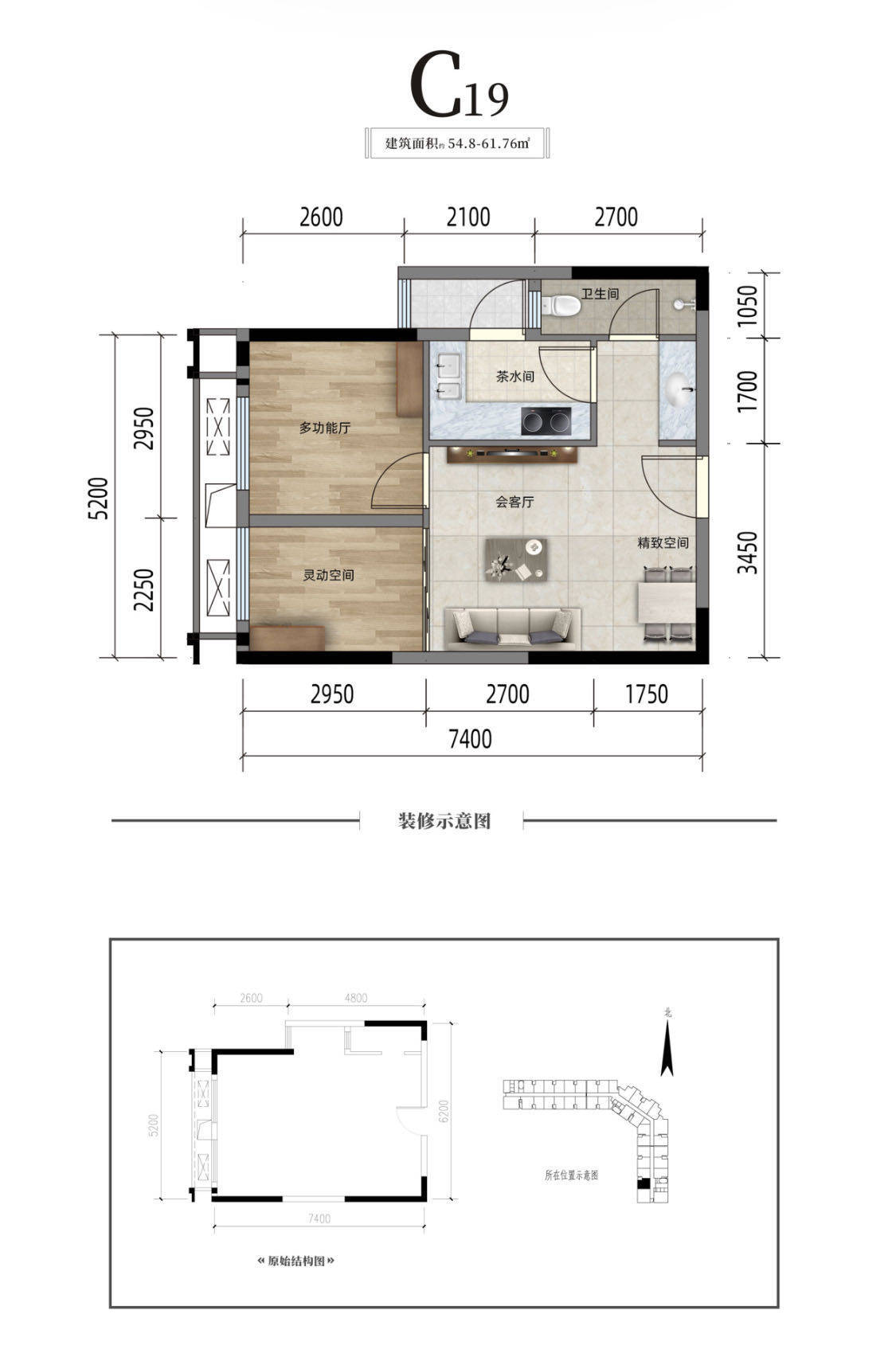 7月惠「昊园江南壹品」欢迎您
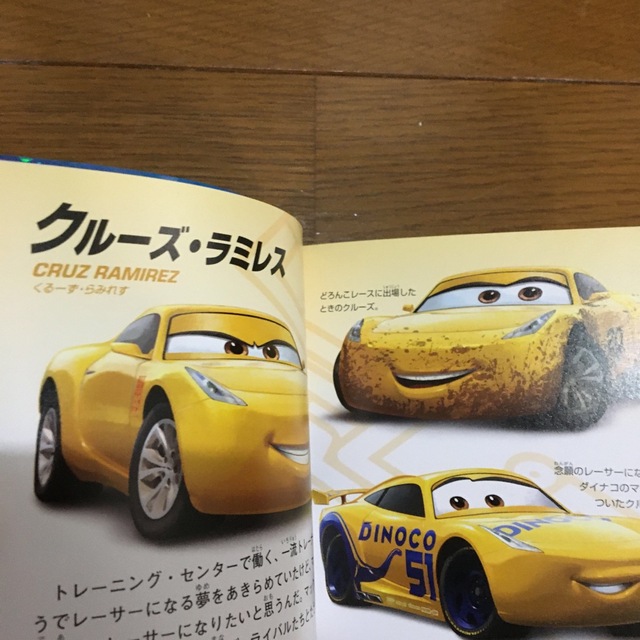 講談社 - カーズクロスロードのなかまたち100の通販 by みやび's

= = = = =

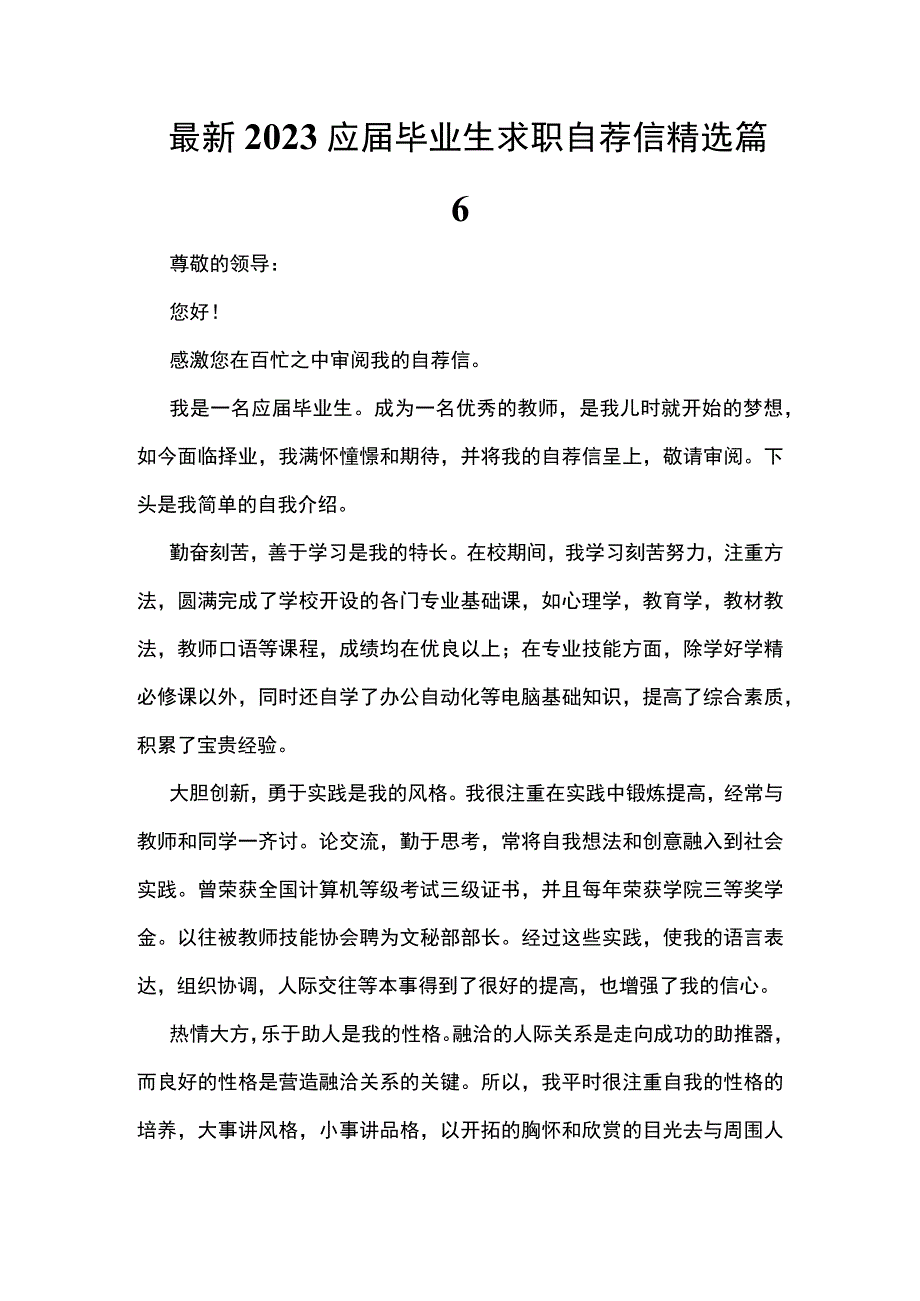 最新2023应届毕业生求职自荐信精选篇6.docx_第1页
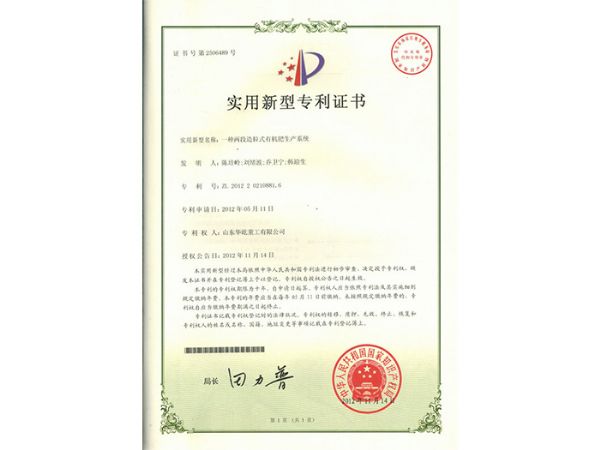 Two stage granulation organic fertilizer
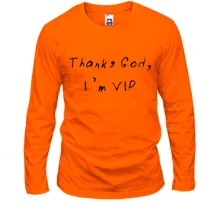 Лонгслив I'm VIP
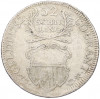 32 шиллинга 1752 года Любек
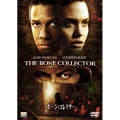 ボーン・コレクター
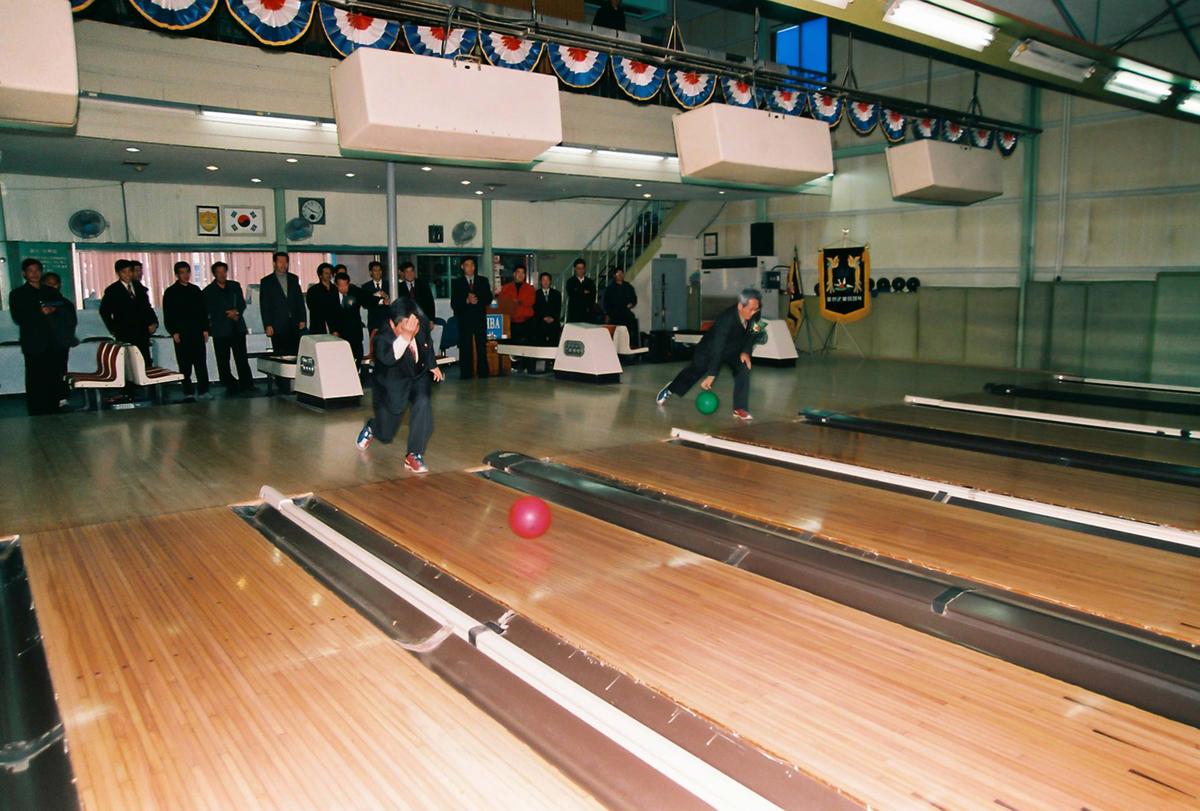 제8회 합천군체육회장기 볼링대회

= = = = =

_What you are asked to do_. Using the entries above, transcribe exactly from the line that has "Лонгслив I'm VIP" through the line that has "제8회 합천군체육회장기 볼링대회". Pictures are dropped.

_Response for this exercise_.
 Лонгслив I'm VIP
 32 шиллинга 1752 года Любек
 ボーン・コレクター
 제8회 합천군체육회장기 볼링대회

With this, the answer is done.